Et l’odeur de la terre : parfums.
Et le goût de la nature :douceurs
Comme si je me tenais sur le toit de ma vieille maison,
Une étoile nouvelle,
Dans mes yeux, incrustée.


Le poème de la terre
En mars, l’année de l’intifada, la terre
Nous a divulgué ses secrets sanglants. En mars, cinq fillettes sont passées devant les lilas et les fusils.
Debout à la porte d’une école primaire, elles se sont enflammées de roses et de thym de pays. Elles ont inauguré le chant du sable. Sont entrées dans l’étreinte définitive . Mars vient à la terre des entrailles de la terre, il vient, et de la danse des jeunes filles. Les lilas se sont légèrement courbés pour que passent les voix des fillettes. Les oiseaux ont tendu leur bec en direction de l’hymne et de mon cœur .
Je suis la terre
Et la terre c’est toi
Khadija ! ne referma pas la porte.
Ne pénètre pas dans l’oubli.
En mars, cinq fillettes sont passées devant les lilas et les fusils.
Elles sont tombées à la porte d’une école primaire.
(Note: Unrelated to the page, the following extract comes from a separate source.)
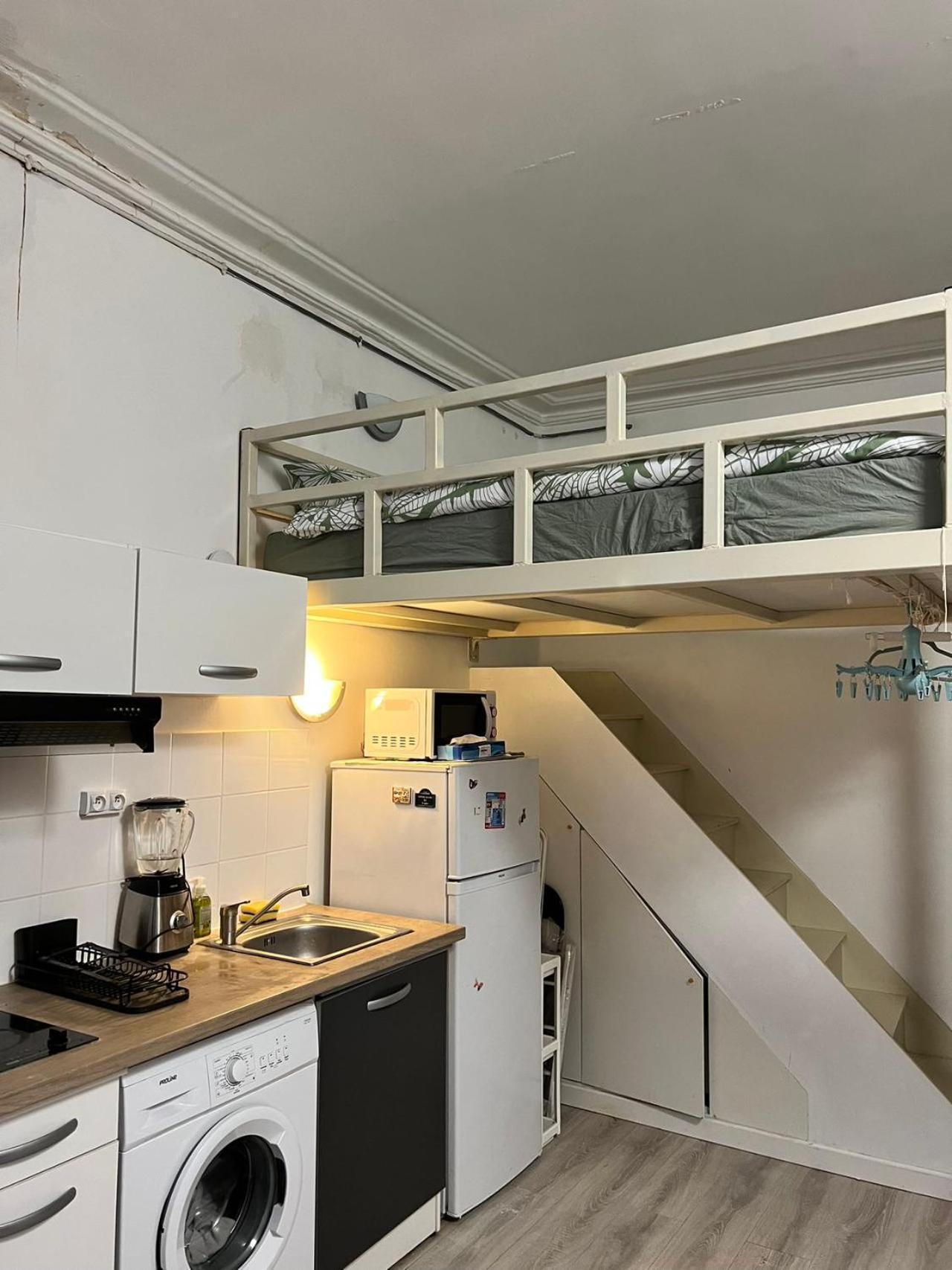 Maison d'hôtes A Notre-dame Paris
Sur les doigts, la craie prend les couleurs des oiseaux . En mars la terre nous a divulgué ses secrets.Je suis le témoin du massacre,
Le martyr de la cartographie,
L’enfant des mots simples.
J’ai vu les gravats, ailes,
Et vu la rosée, armes.
Lorsqu’ils ont refermé sur moi la porte de mon cœur,
En moi dressé les barrages,
Instauré le couvre feu,
Mon cœur est devenu une ruelle,
Mes côtes, des pierres.
Et l’œillet est apparu,
Apparu l’œillet.


La terre nous est étroite (1986)
La terre nous est étroite. Elle nous accule dans le dernier défilé et nous nous dévêtons de nos membres pour passer.
Et la terre nous pressure. Que ne sommes-nous son blé, pour mourir et ressusciter.
Que n’est-elle notre mère pour compatir avec nous. Que ne sommes-nous les images des rochers que notre rêve portera,
Miroirs. Nous avons vu les visages de ceux que le dernier parmi nous tuera dans la dernière défense de l’âme.
Nous avons pleuré la fête de leurs enfants et nous avons les visages de ceux qui précipiteront nos enfants par les fenêtres de cet espace dernier, miroirs polis par notre étoile.
Ou irons-nous, après l’ultime frontière ? où partent les oiseaux, après le dernier
Ciel ? où s’endorment les plantes, après le dernier vent ?
nous écrirons nos noms avec la vapeur
Carmine, nous trancherons la main au chant afin que notre chair le complète .
Ici, nous mourrons. Ici, dans le dernier défilé. Ici ou ici, et un olivier montera de
Notre sang.


Je dis tant de choses
Je dis tant de choses sur la différence ténue entre les femmes et les arbres,
Sur la magie de la terre, sur un pays dont je n’ai trouvé le tampon sur aucun passeport
Et je demande : mesdames et messieurs aux cœurs bons,
La terre des hommes est-elle, comme vous l’affirmez, à tous les hommes ?
Où alors ma masure ? et où suis-je ?l’assemblée m’applaudit
Trois autres minutes. Trois minutes de liberté et de reconnaissance…l’assemblée vient d’approuver
Notre droit au retour, comme toutes les poules et tous les chevaux, à un rêve de pierre.
Je leur serre la main, un par un, puis je salue en m’inclinant…et je poursuis ce voyage
Vers un autre pays, où je dirai des choses sur la différence entre mirages et pluie
Et demanderai :mesdames et messieurs aux cœurs bons, la terre des hommes est-elle
A tous les hommes ?

Que ferons –nous de l’amour ?tu as dit
Pendant que nous rangions nos vêtements dans les valises.
L’emporterons-nous, le laisserons-nous suspendu dans l’armoire ?
J’ai dit : qu’il parte où bon lui semble
Car il a grandi et s’est propagé.

Je t’étreins jusqu’à disparaître, blanche brune.
Je disperse ta nuit puis je te ramasse, toute …
Rien en toi n’excède ou ne manque à
Mon corps.
Tu es ta mère et sa fille
Et tu nais ainsi que tu le réclames à Dieu…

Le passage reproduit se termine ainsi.